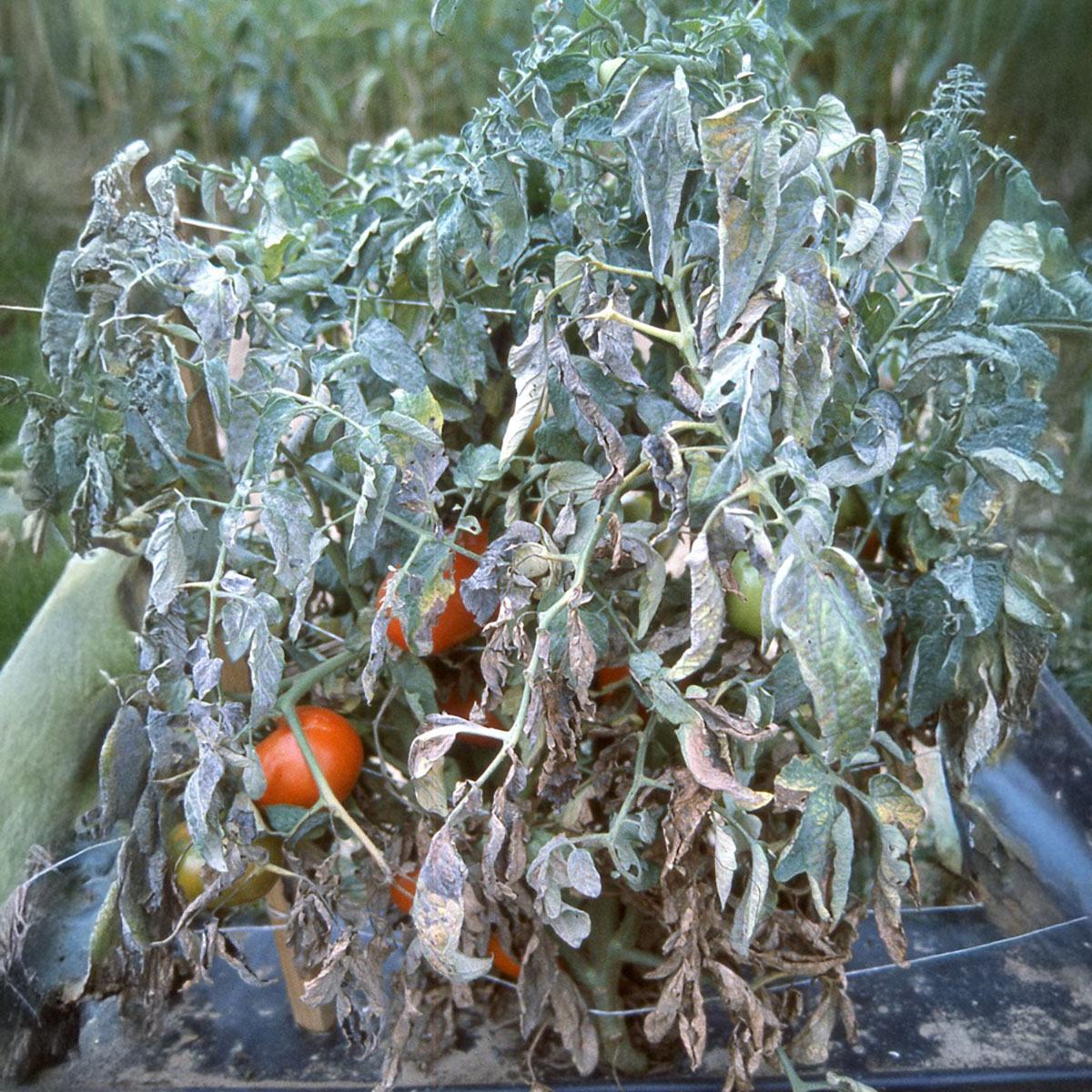 Tomato plant with severe powdery mildew symptoms.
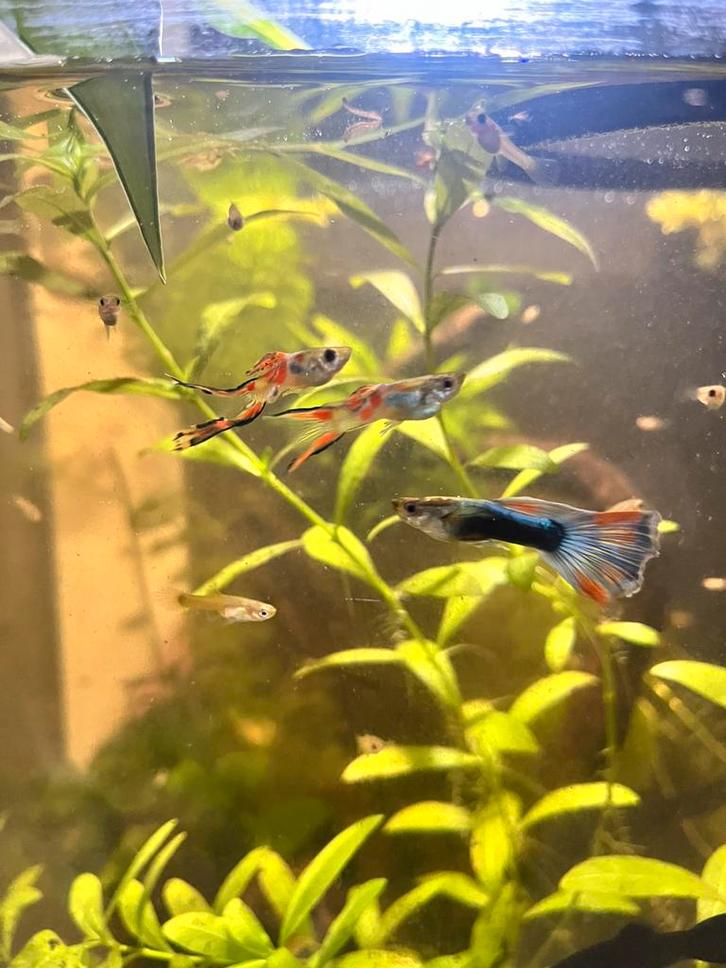 Jonge guppen, Dieren en Toebehoren, Vissen | Aquariumvissen, Vis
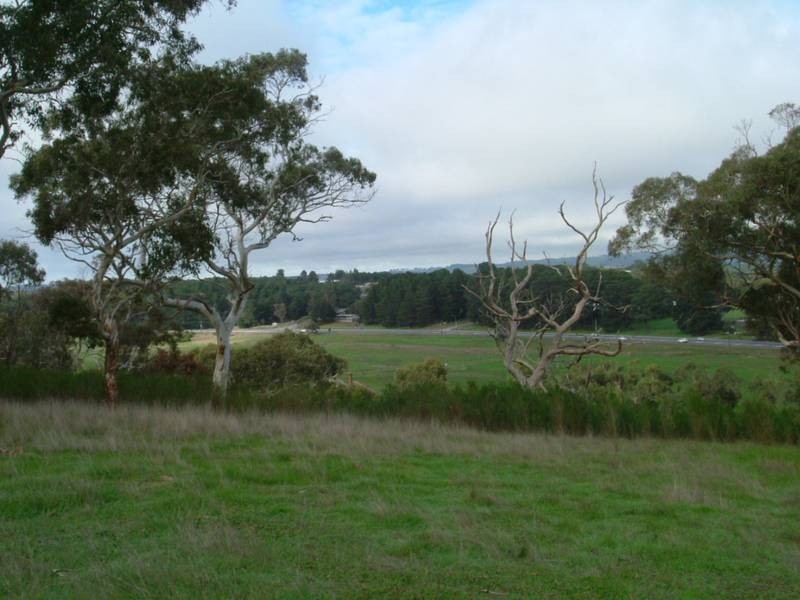 Lot 201 Bahloo Glen Road, Mount Compass SA 5210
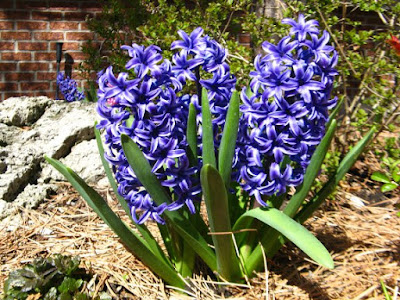 Blue hyacinths in bloom by garden muses: a Toronto gardening blog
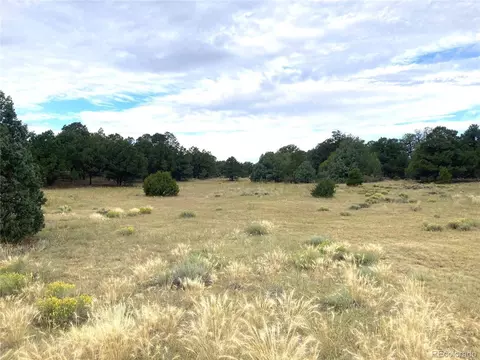 18 Fox Fire Trl, Cotopaxi, CO 81223 photo 3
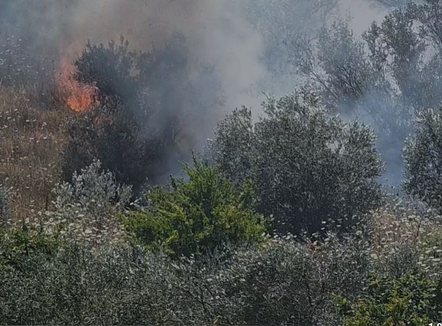 Përfshihet nga flakët ullishtja në Fier
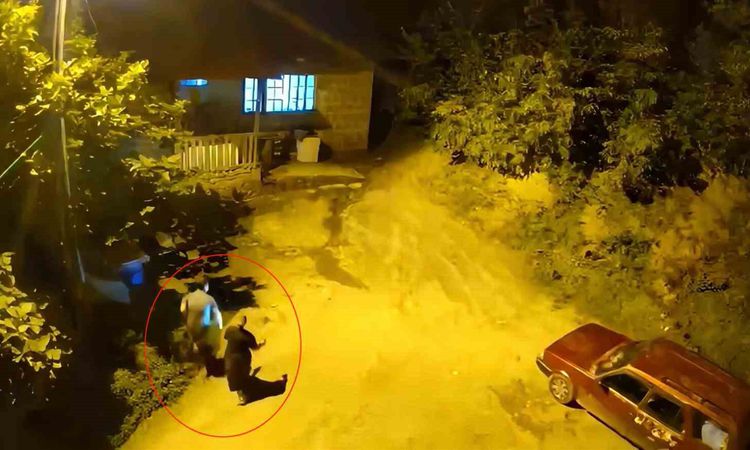 Son Gelişme: Anne ve Oğlu Ayı Sesinden Kaçtı - Son Dakika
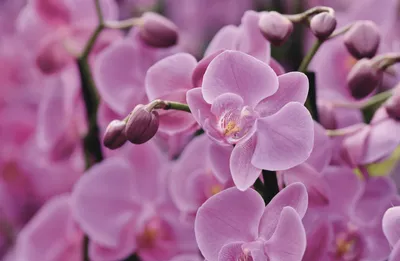 Nature Orchid Nature Nature Wallpaper 4K 5469x3573 Nature, Orchid, Hd, Desktop, Wallpaper, Background, Image, Gray, Ultrawide, 4k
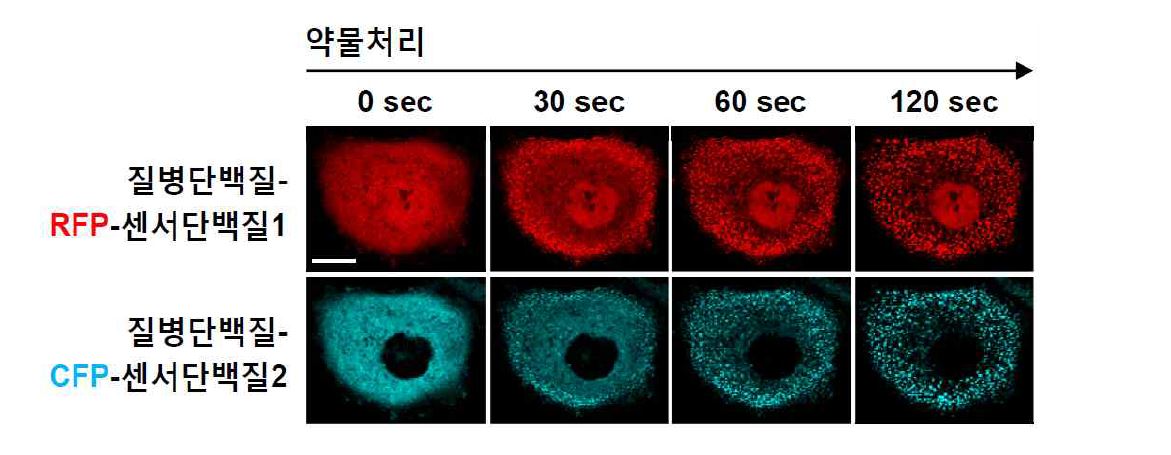 살아있는 세포에서 약물과 표적단백질의 결합에 따른 형광패턴의 변화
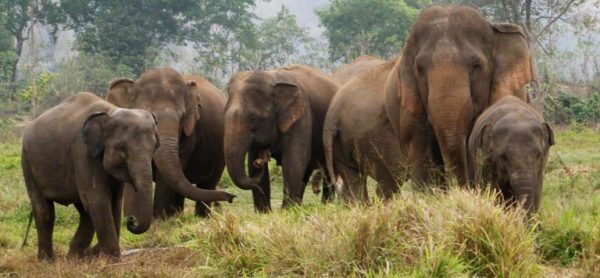 odisha elephants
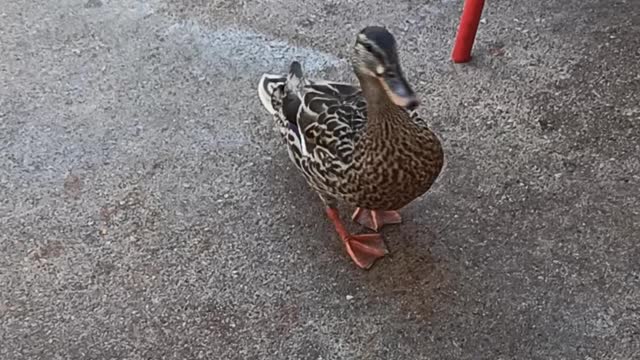 Hungry duck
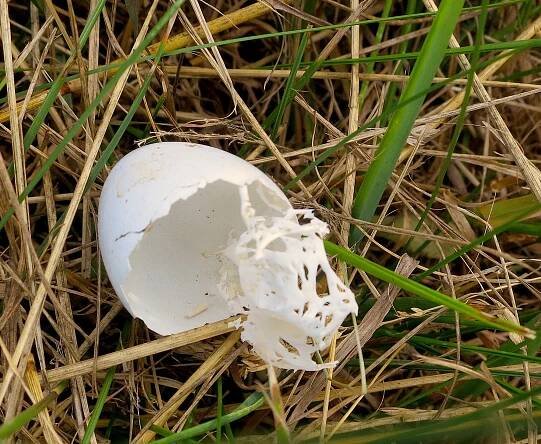 eggshell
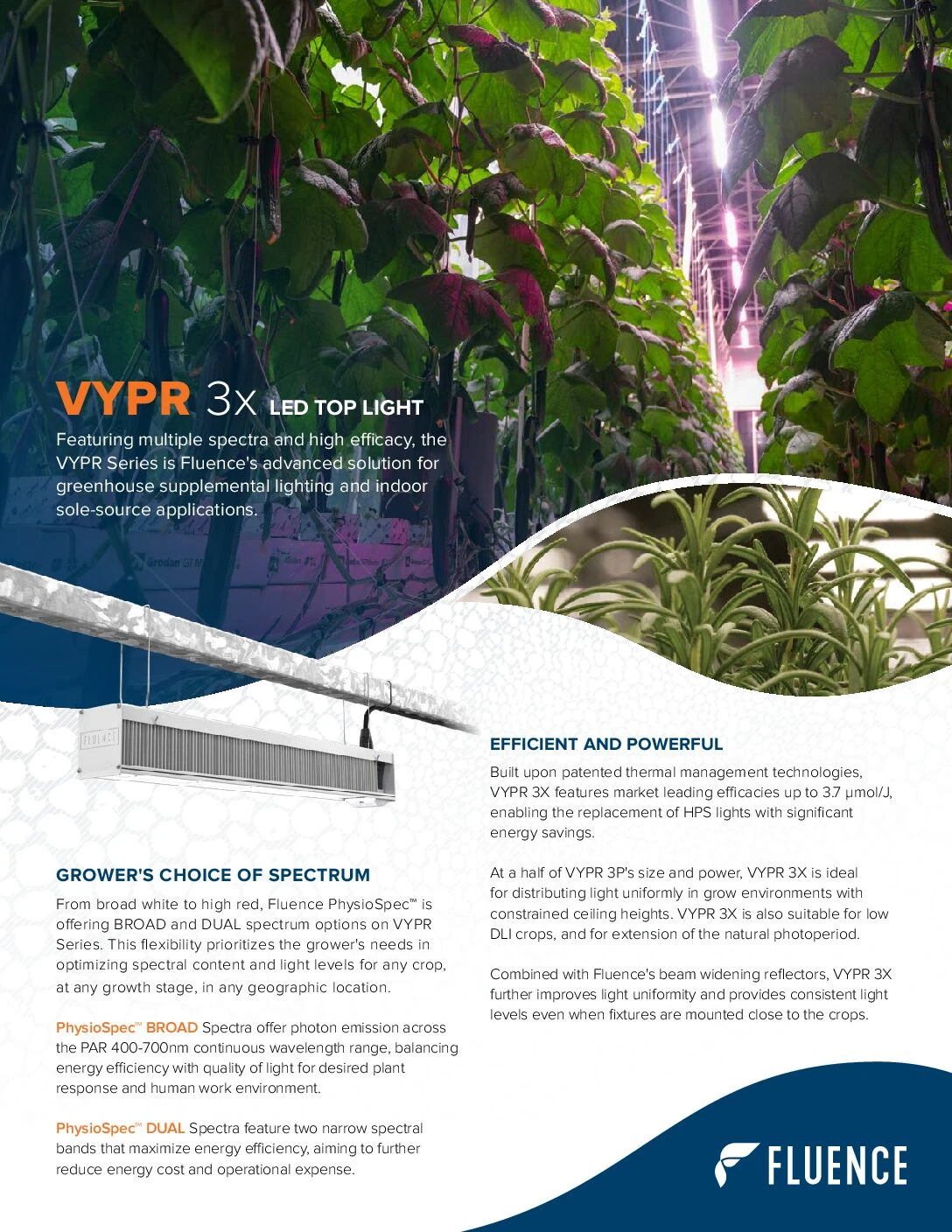 1. Commercial flyer of Fluence VYPR 3x LED grow lights for cannabis cultivation 2. Fluence VYPR 3x in greenhouse—cannabis lighting technology flyer 3. Cannabis cultivation flyer showcasing Fluence VYPR 3x LED grow light specs 4. Cannabis lighting science: Flyer with Fluence VYPR 3x in a cultivation facility 5. Commercial cannabis lighting—Fluence VYPR 3x LED greenhouse setup flyer.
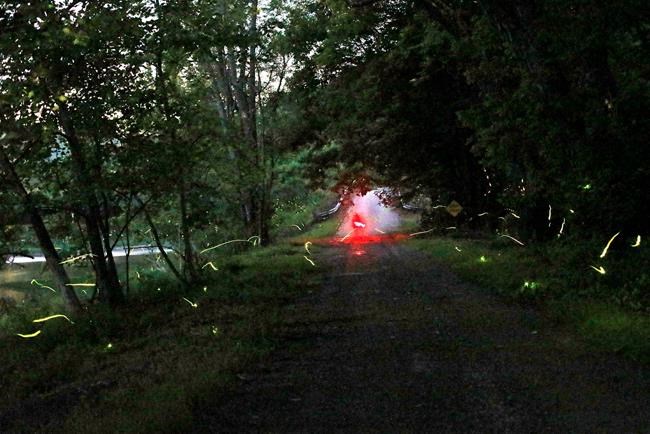 TravelLab: In a forest on the trail of synchronous fireflies | iNFOnews.ca TravelLab: In a forest on the trail of synchronous fireflies | iNFOnews.ca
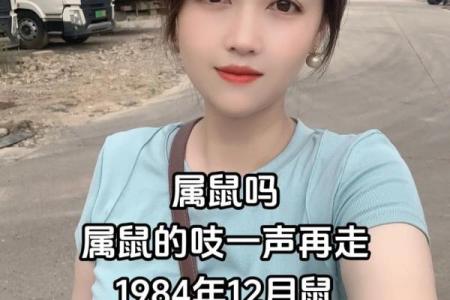 属鼠出生最好六个吉日 属鼠的出生吉日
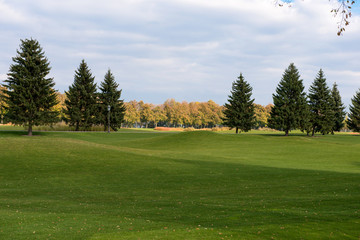 Fototapeta na wymiar Park with a golf course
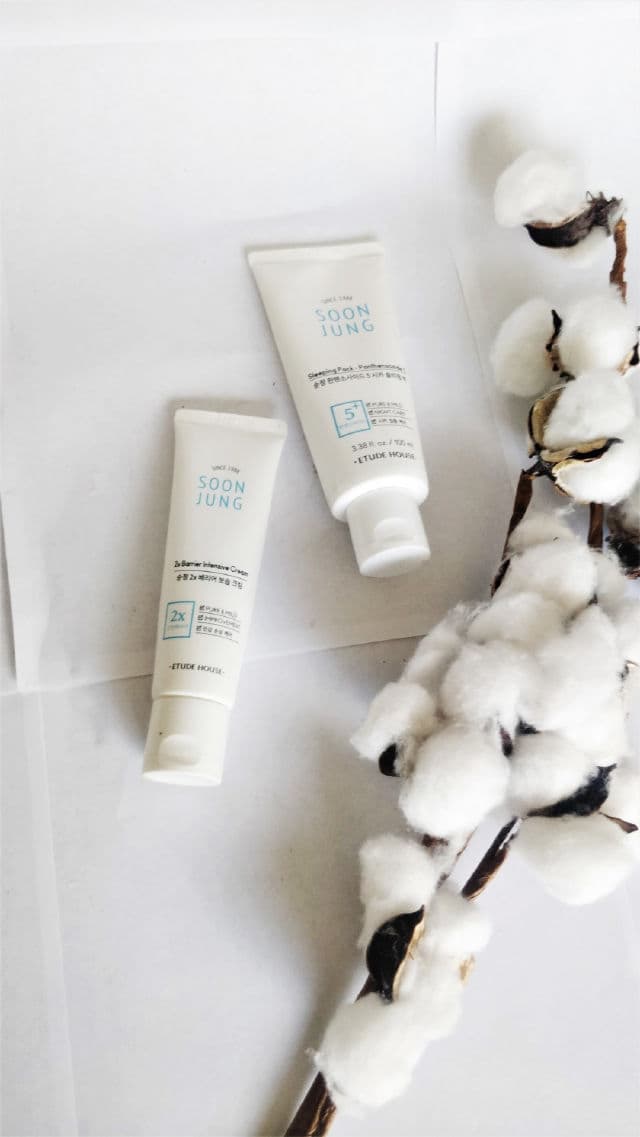 ETUDE SoonJung 5-Panthensoside Sleeping Pack review photo by mskinmskin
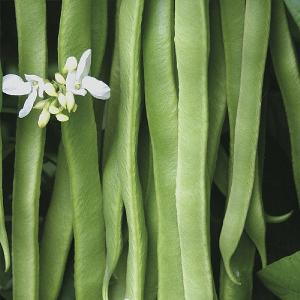 RHS Runner Bean Snowstorm Seeds
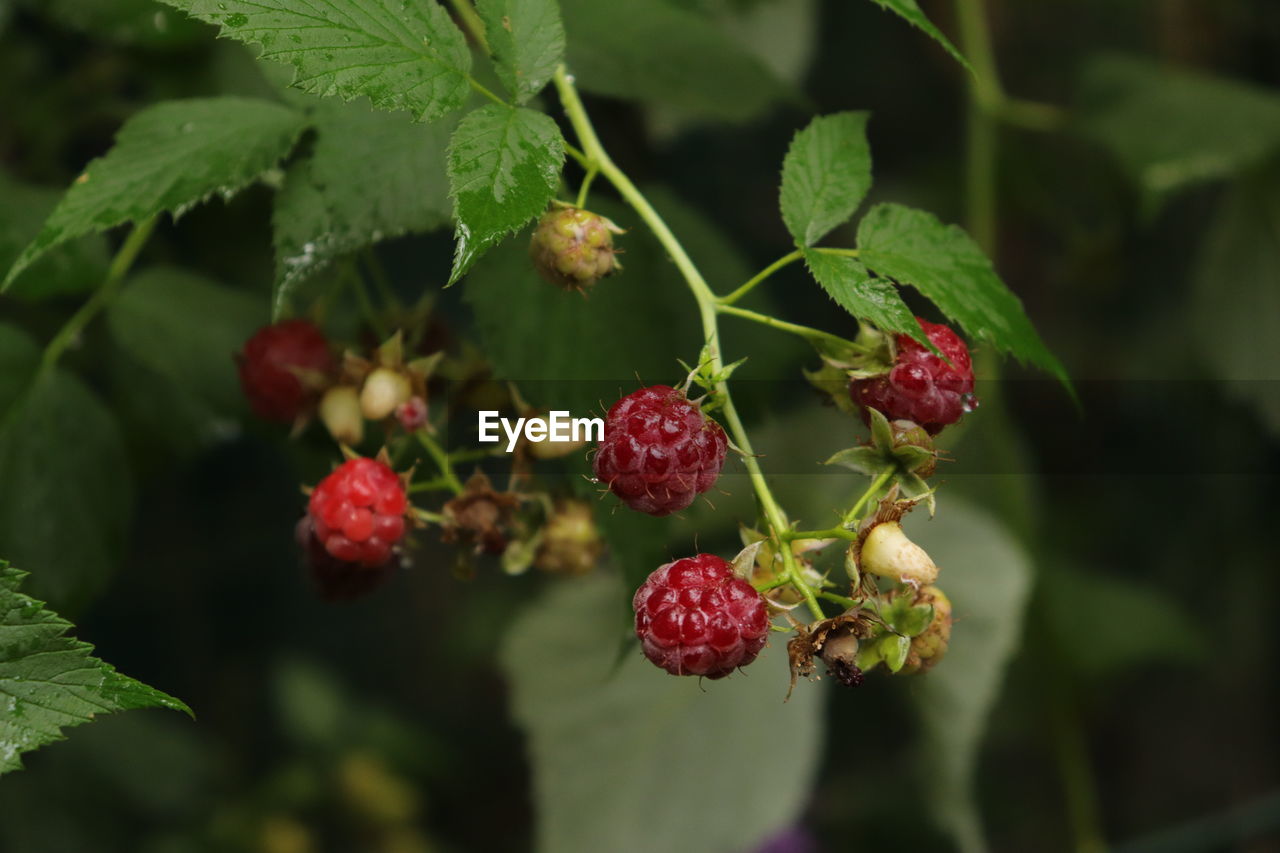 Close-up of berries growing on plant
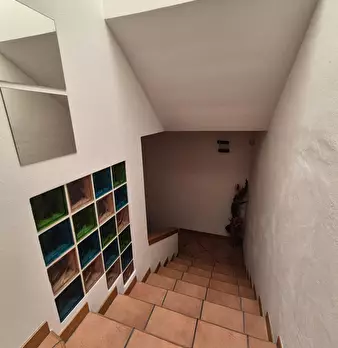 Foto annuncio 20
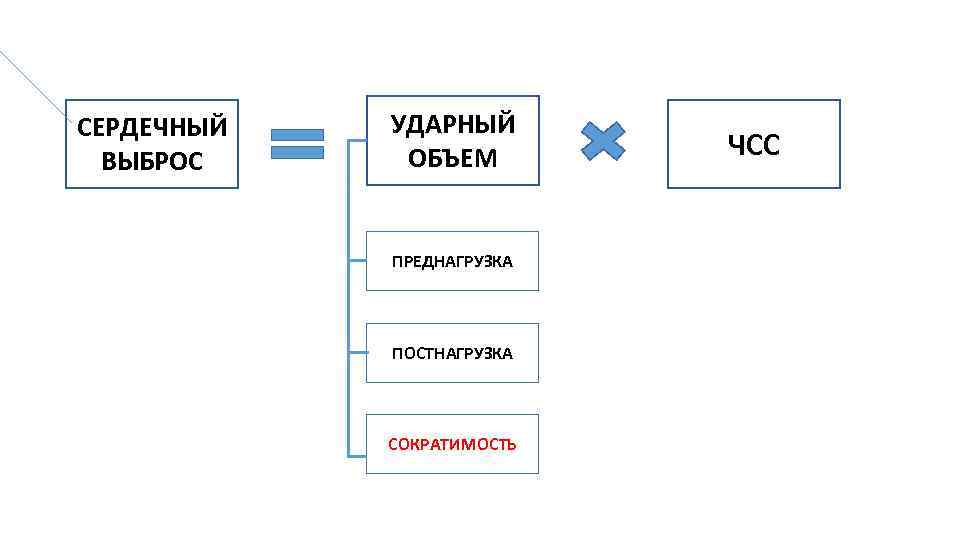 СЕРДЕЧНЫЙ ВЫБРОС УДАРНЫЙ ОБЪЕМ ПРЕДНАГРУЗКА ПОСТНАГРУЗКА СОКРАТИМОСТЬ ЧСС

* What you are asked to do *
Your copy should hold exactly the lines from the one with "属鼠出生最好六个吉日 属鼠的出生吉日" through the final line of the records, both ends included, and no pictures.

* Exercise answer *
 属鼠出生最好六个吉日 属鼠的出生吉日
 Fototapeta na wymiar Park with a golf course
 ETUDE SoonJung 5-Panthensoside Sleeping Pack review photo by mskinmskin
 RHS Runner Bean Snowstorm Seeds
 Close-up of berries growing on plant
 Foto annuncio 20
 СЕРДЕЧНЫЙ ВЫБРОС УДАРНЫЙ ОБЪЕМ ПРЕДНАГРУЗКА ПОСТНАГРУЗКА СОКРАТИМОСТЬ ЧСС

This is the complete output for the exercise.